The reason why I believe that this tumulus is so important, is because it shows that the dolmen building, golden cross disc making culture which developed in Montenegro in the first half of the third millennium BC, has its direct cultural roots in Yamna culture of the Black Sea steppe. Why is this important? Because the gold cross discs found in this tumulus and other Montenegrian tumuluses are later found in Beaker culture sites in Ireland and Britan. And the Irish annals tell us that the Early Irish who brought with them metallurgy and gold migrated to Ireland from Russian steppe, via Balkans and then Iberia. Gruda Boljevića is the last and most important piece of evidence which confirms that the Irish annals contain not pseudo histories, but real histories which talk about events that happened in the 3rd millennium BC...

4 comments:

Ryan said...

Uh. Hate to be a downer, but aren't the dolmens and these golden sun disks associated with the Tuatha Dé Danann, not the Irish themselves?

andrew said...

I am merely passing on the conjectures of others in this post without really critically evaluating them one way or the other.

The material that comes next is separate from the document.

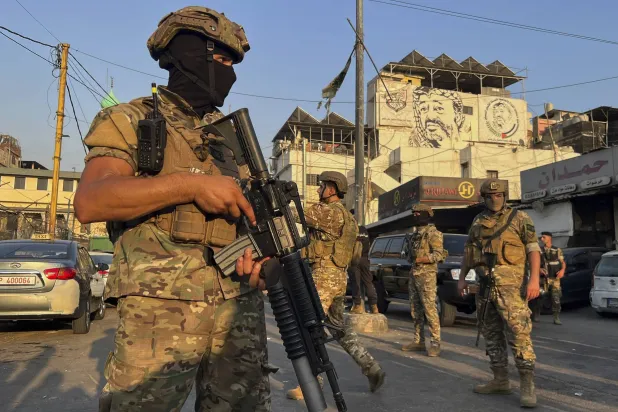 عسكريون لبنانيون ينتشرون في مخيم برج البراجنة للاجئين الفلسطينيين جنوب بيروت (أ.ب)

Still, since the Tuatha Dé Danann are a race of supernaturals from Irish legendary history who purportedly lived in Ireland, the reference is indeed on point. The notion would be that the proper way to interpret Irish legendary history is to understand the Tuatha Dé Danann as actually corresponding to a group of technologically advanced (by Neolithic Irish standards) foreigners who migrated to Ireland, took positions of leadership, and were eventually incorporated into the Irish people.

So, no I wouldn't see that nuance as impairing the connection between archaeologically established history and Irish legends.

Ryan said...

The Tuatha De Danann are from the wave before the Gaels though. Not after.

andrew said...

This is good and as it should be. The Gaels should be the Hallstad/LeTene people speaking Celtic languages, while the Tuatha De Danann would be non-IE Bell Beaker people.